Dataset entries

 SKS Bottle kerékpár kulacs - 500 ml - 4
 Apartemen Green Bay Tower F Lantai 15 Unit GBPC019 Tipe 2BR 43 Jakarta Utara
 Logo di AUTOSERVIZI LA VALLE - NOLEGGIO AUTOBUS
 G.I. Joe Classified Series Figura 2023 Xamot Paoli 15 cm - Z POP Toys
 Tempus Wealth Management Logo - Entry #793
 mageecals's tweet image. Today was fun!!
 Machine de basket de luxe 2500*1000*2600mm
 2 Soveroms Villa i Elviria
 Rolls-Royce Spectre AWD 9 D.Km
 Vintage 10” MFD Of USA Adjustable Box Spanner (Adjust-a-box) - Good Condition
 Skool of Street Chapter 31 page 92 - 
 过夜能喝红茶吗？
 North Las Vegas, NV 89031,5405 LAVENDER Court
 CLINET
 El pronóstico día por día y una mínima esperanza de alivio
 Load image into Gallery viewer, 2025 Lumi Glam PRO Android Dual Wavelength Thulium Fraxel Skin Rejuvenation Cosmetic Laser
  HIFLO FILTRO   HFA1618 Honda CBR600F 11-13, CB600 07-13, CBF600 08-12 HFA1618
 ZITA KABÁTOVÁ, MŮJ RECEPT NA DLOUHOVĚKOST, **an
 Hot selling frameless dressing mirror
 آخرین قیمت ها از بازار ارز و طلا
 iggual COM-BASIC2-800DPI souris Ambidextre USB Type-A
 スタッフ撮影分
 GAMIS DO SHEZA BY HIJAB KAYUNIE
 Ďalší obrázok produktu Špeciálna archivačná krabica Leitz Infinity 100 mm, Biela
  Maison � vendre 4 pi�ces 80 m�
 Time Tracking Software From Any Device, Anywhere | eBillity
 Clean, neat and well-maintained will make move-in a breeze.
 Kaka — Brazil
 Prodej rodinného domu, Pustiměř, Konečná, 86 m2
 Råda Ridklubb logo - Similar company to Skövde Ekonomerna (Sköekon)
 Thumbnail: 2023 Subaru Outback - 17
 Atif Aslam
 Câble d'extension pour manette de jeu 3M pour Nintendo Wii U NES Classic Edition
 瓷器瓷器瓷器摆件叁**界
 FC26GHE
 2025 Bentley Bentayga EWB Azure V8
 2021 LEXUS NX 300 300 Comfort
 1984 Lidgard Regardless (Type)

Exercise -> Your task is to reproduce all the data exactly as shown.

Completed exercise ->
 SKS Bottle kerékpár kulacs - 500 ml - 4
 Apartemen Green Bay Tower F Lantai 15 Unit GBPC019 Tipe 2BR 43 Jakarta Utara
 Logo di AUTOSERVIZI LA VALLE - NOLEGGIO AUTOBUS
 G.I. Joe Classified Series Figura 2023 Xamot Paoli 15 cm - Z POP Toys
 Tempus Wealth Management Logo - Entry #793
 mageecals's tweet image. Today was fun!!
 Machine de basket de luxe 2500*1000*2600mm
 2 Soveroms Villa i Elviria
 Rolls-Royce Spectre AWD 9 D.Km
 Vintage 10” MFD Of USA Adjustable Box Spanner (Adjust-a-box) - Good Condition
 Skool of Street Chapter 31 page 92 - 
 过夜能喝红茶吗？
 North Las Vegas, NV 89031,5405 LAVENDER Court
 CLINET
 El pronóstico día por día y una mínima esperanza de alivio
 Load image into Gallery viewer, 2025 Lumi Glam PRO Android Dual Wavelength Thulium Fraxel Skin Rejuvenation Cosmetic Laser
  HIFLO FILTRO   HFA1618 Honda CBR600F 11-13, CB600 07-13, CBF600 08-12 HFA1618
 ZITA KABÁTOVÁ, MŮJ RECEPT NA DLOUHOVĚKOST, **an
 Hot selling frameless dressing mirror
 آخرین قیمت ها از بازار ارز و طلا
 iggual COM-BASIC2-800DPI souris Ambidextre USB Type-A
 スタッフ撮影分
 GAMIS DO SHEZA BY HIJAB KAYUNIE
 Ďalší obrázok produktu Špeciálna archivačná krabica Leitz Infinity 100 mm, Biela
  Maison � vendre 4 pi�ces 80 m�
 Time Tracking Software From Any Device, Anywhere | eBillity
 Clean, neat and well-maintained will make move-in a breeze.
 Kaka — Brazil
 Prodej rodinného domu, Pustiměř, Konečná, 86 m2
 Råda Ridklubb logo - Similar company to Skövde Ekonomerna (Sköekon)
 Thumbnail: 2023 Subaru Outback - 17
 Atif Aslam
 Câble d'extension pour manette de jeu 3M pour Nintendo Wii U NES Classic Edition
 瓷器瓷器瓷器摆件叁**界
 FC26GHE
 2025 Bentley Bentayga EWB Azure V8
 2021 LEXUS NX 300 300 Comfort
 1984 Lidgard Regardless (Type)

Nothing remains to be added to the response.